(Pictures with short captions)

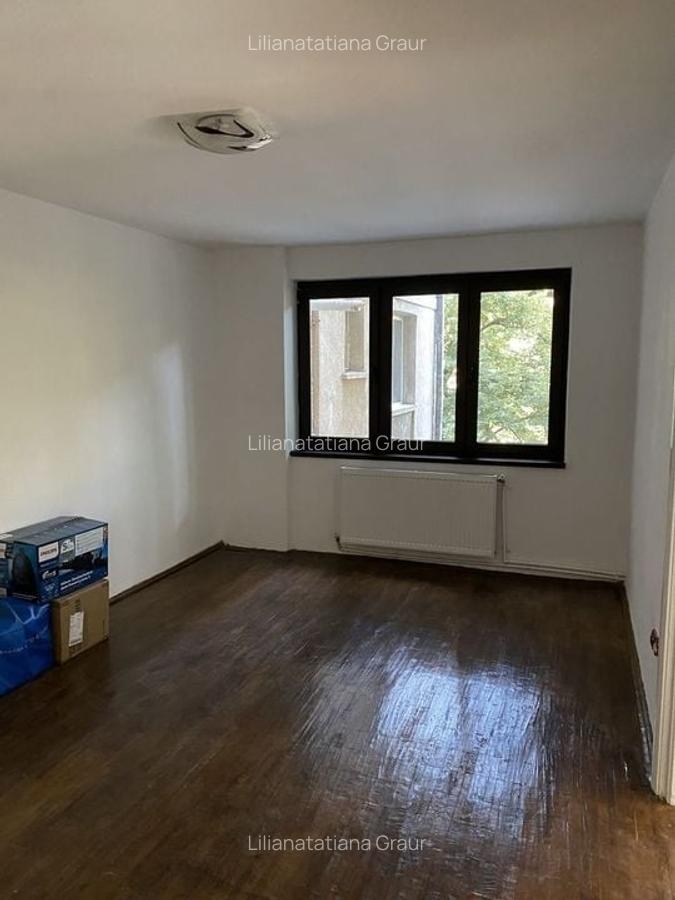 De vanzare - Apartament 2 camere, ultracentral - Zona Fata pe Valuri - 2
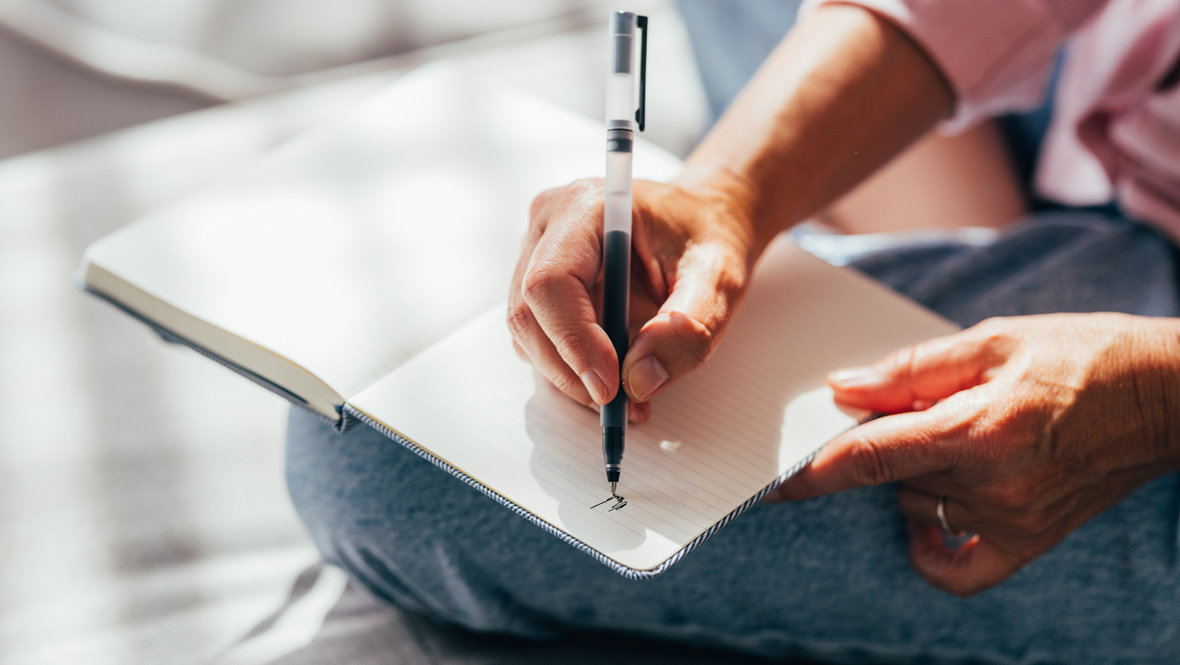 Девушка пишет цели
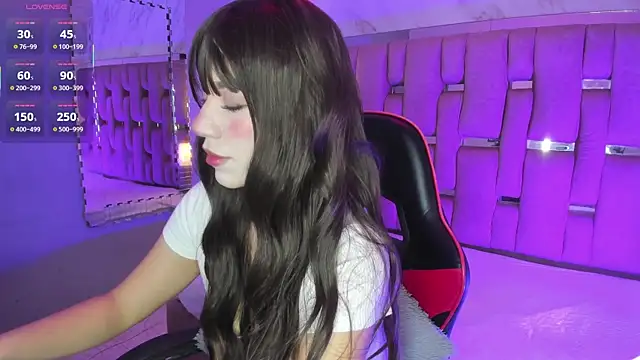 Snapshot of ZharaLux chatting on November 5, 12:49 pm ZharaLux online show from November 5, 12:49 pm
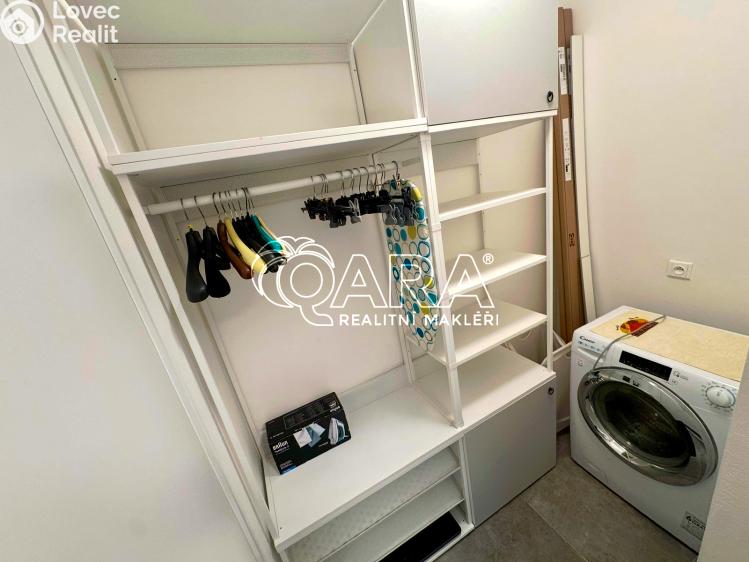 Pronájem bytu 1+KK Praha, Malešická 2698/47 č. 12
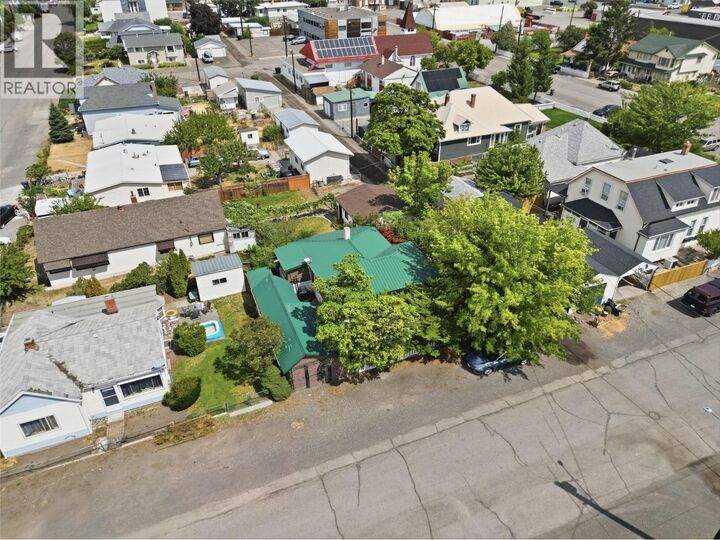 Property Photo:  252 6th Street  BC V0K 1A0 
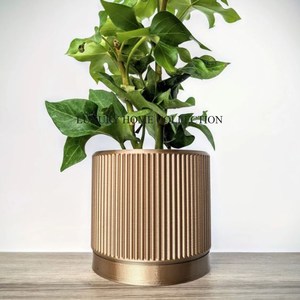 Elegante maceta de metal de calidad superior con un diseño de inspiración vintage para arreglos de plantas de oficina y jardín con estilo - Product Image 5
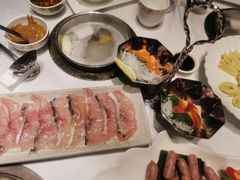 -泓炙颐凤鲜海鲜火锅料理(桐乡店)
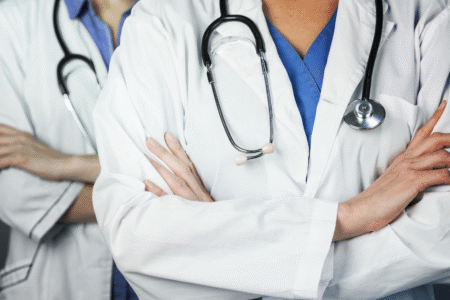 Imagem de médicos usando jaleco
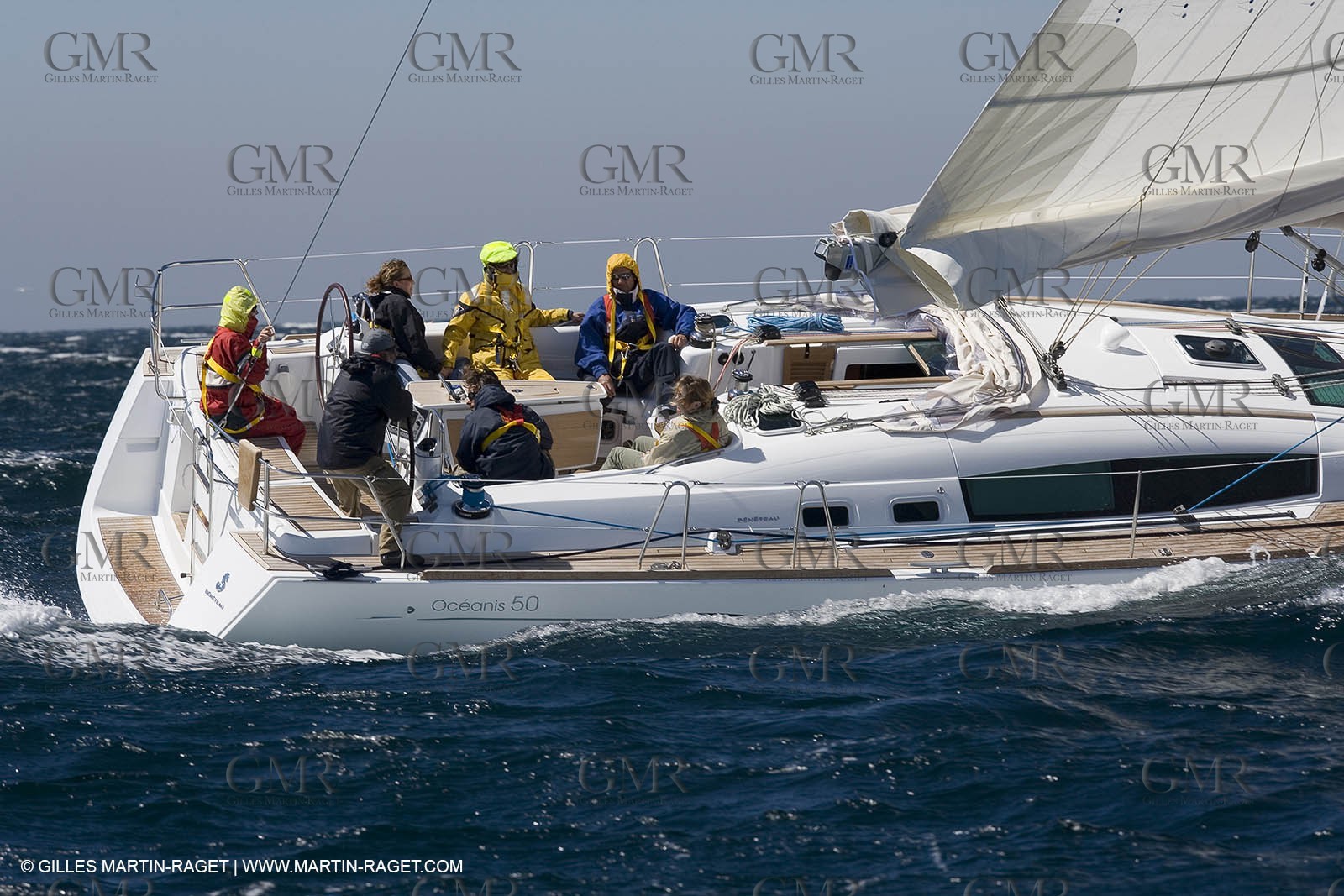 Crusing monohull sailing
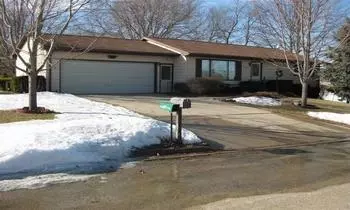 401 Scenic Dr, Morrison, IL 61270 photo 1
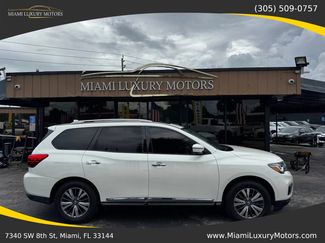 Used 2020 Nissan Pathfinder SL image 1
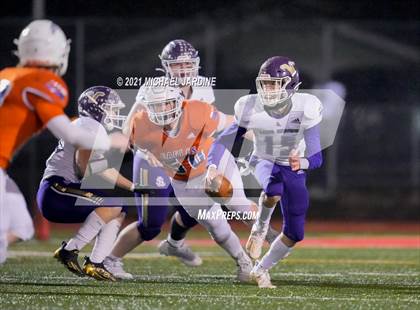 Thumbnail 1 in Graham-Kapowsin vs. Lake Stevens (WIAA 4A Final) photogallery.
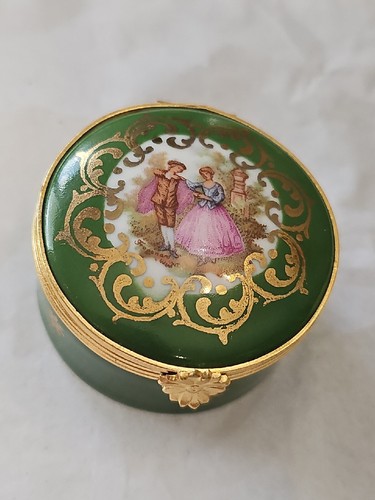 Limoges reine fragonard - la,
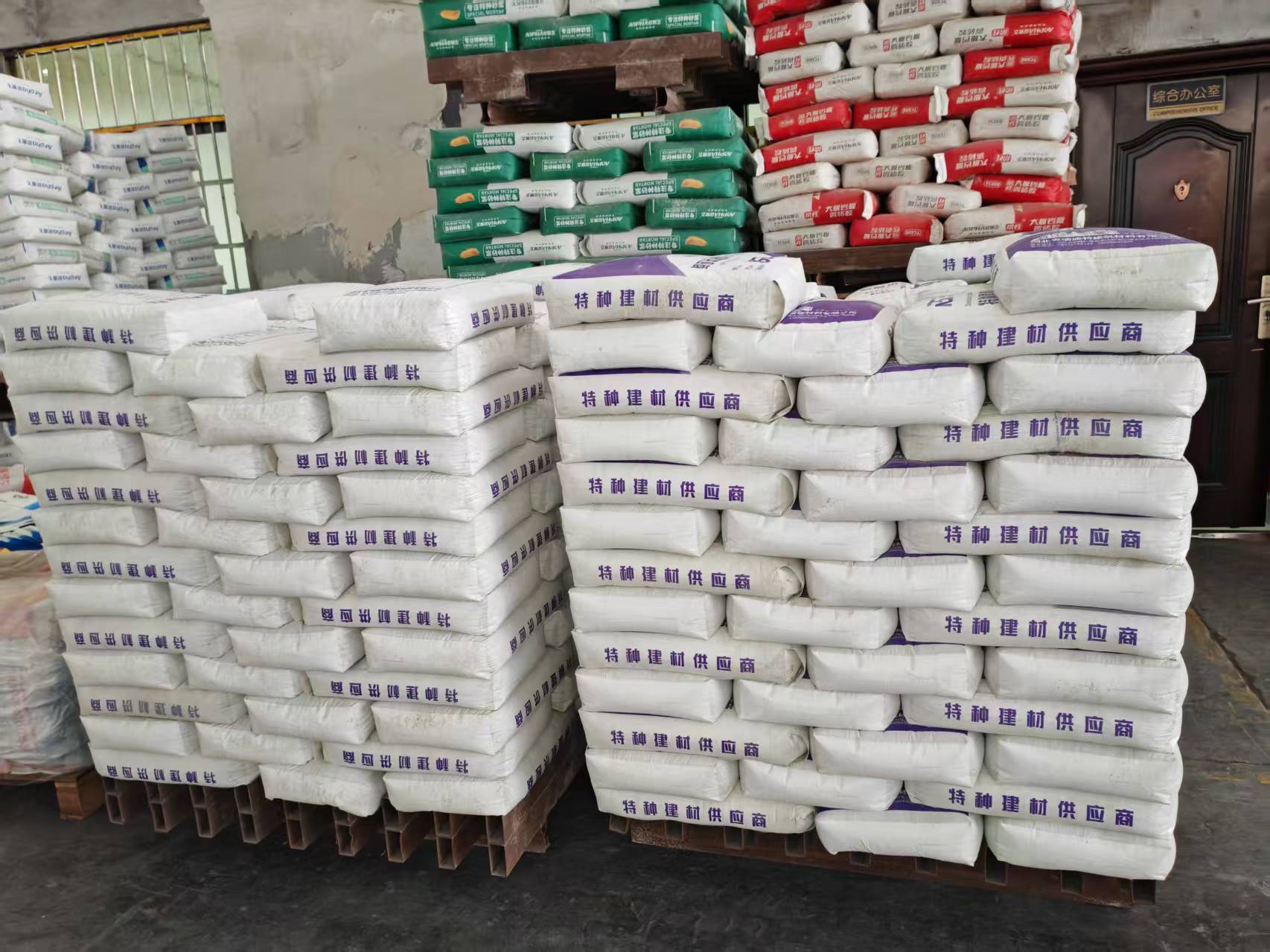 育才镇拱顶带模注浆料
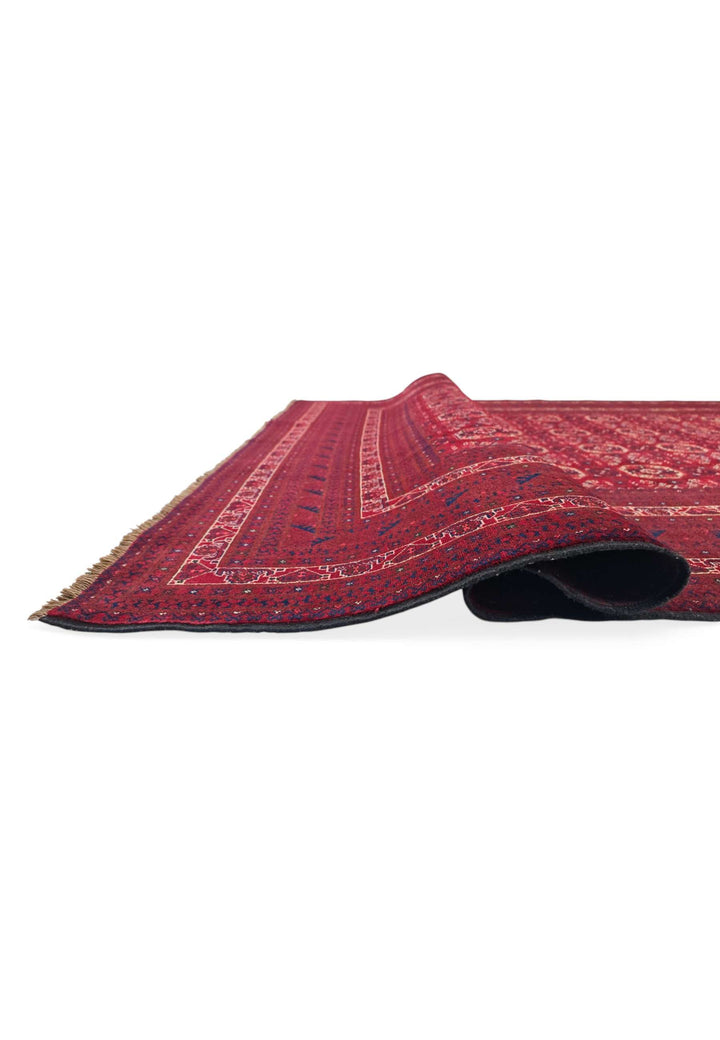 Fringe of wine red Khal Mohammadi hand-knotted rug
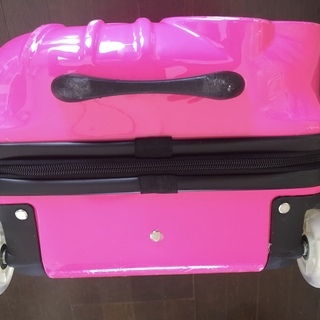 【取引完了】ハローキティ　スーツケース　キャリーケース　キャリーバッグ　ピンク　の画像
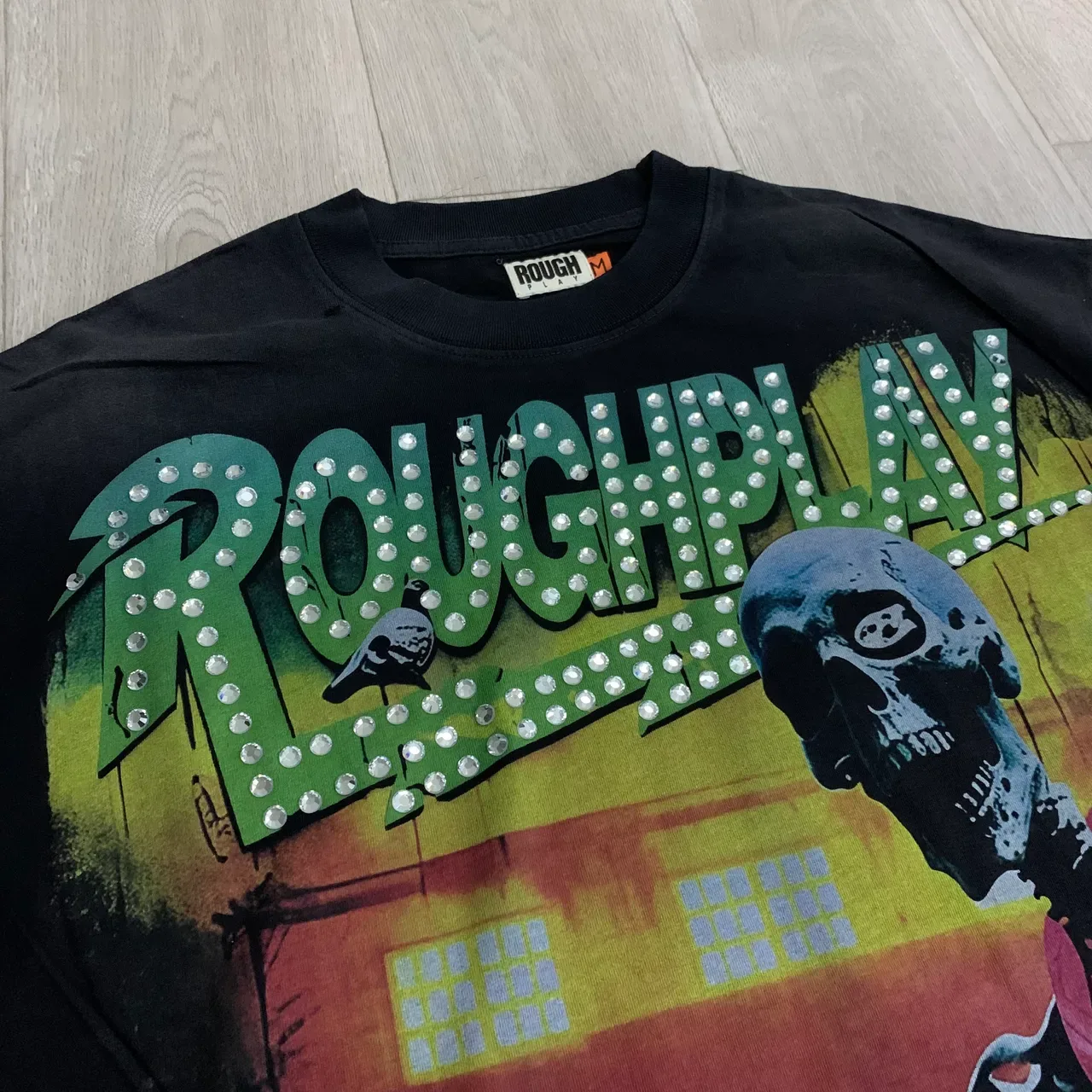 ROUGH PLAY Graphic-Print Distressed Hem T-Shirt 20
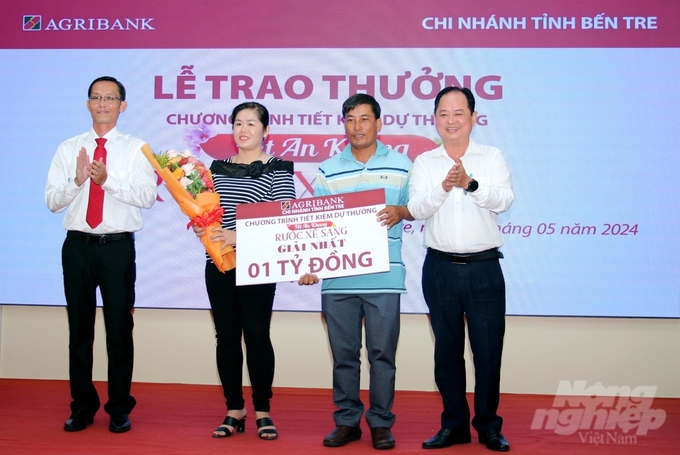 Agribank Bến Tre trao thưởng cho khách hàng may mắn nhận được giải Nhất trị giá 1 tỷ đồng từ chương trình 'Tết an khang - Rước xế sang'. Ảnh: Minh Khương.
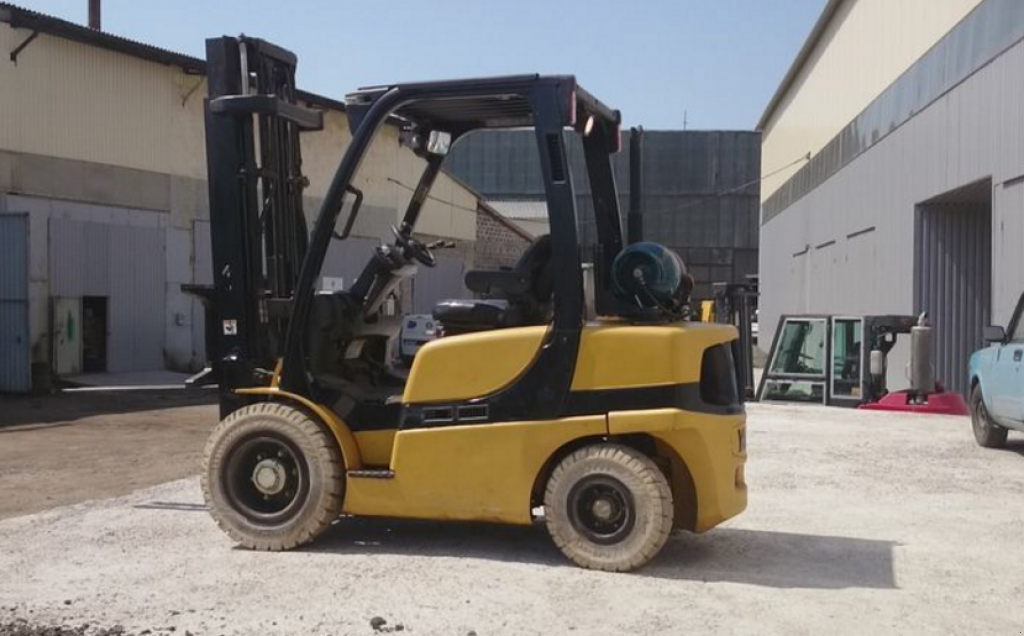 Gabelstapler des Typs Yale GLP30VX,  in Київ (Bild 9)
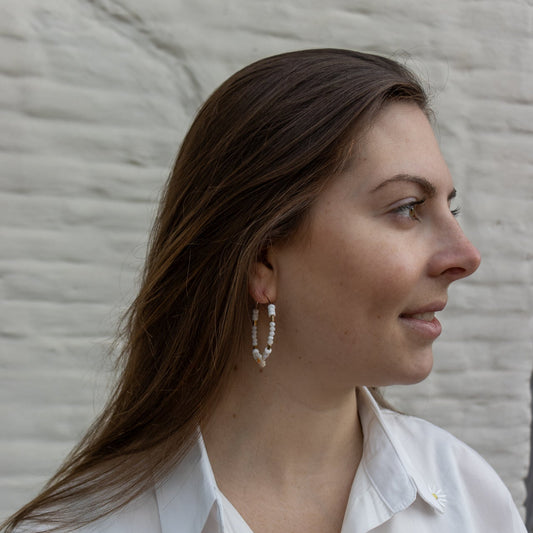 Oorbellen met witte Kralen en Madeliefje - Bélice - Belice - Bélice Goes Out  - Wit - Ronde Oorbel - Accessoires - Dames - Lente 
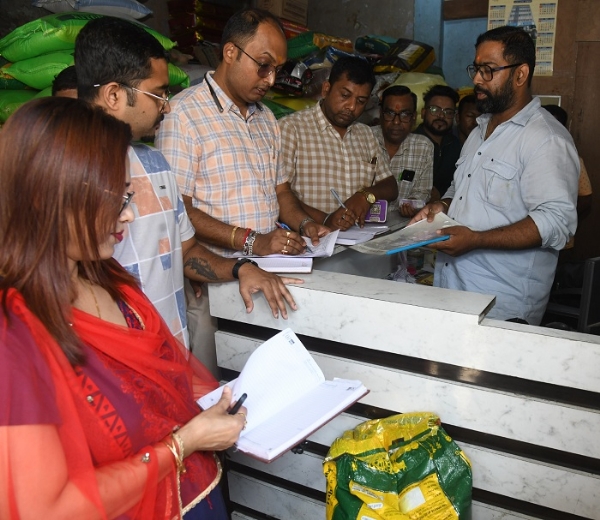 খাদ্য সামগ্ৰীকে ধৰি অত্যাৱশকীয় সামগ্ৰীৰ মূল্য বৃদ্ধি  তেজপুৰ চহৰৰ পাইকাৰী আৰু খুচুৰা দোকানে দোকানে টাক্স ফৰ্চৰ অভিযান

What you should do: Begin at the line containing "-泓炙颐凤鲜海鲜火锅料理(桐乡店)" and transcribe exactly every line through the end of the records, both ends included, leaving the pictures out.

Exercise response:
 -泓炙颐凤鲜海鲜火锅料理(桐乡店)
 Imagem de médicos usando jaleco
 Crusing monohull sailing
 401 Scenic Dr, Morrison, IL 61270 photo 1
 Used 2020 Nissan Pathfinder SL image 1
 Thumbnail 1 in Graham-Kapowsin vs. Lake Stevens (WIAA 4A Final) photogallery.
 Limoges reine fragonard - la,
 育才镇拱顶带模注浆料
 Fringe of wine red Khal Mohammadi hand-knotted rug
 【取引完了】ハローキティ　スーツケース　キャリーケース　キャリーバッグ　ピンク　の画像
 ROUGH PLAY Graphic-Print Distressed Hem T-Shirt 20
 Agribank Bến Tre trao thưởng cho khách hàng may mắn nhận được giải Nhất trị giá 1 tỷ đồng từ chương trình 'Tết an khang - Rước xế sang'. Ảnh: Minh Khương.
 Gabelstapler des Typs Yale GLP30VX,  in Київ (Bild 9)
 Oorbellen met witte Kralen en Madeliefje - Bélice - Belice - Bélice Goes Out  - Wit - Ronde Oorbel - Accessoires - Dames - Lente 
 খাদ্য সামগ্ৰীকে ধৰি অত্যাৱশকীয় সামগ্ৰীৰ মূল্য বৃদ্ধি  তেজপুৰ চহৰৰ পাইকাৰী আৰু খুচুৰা দোকানে দোকানে টাক্স ফৰ্চৰ অভিযান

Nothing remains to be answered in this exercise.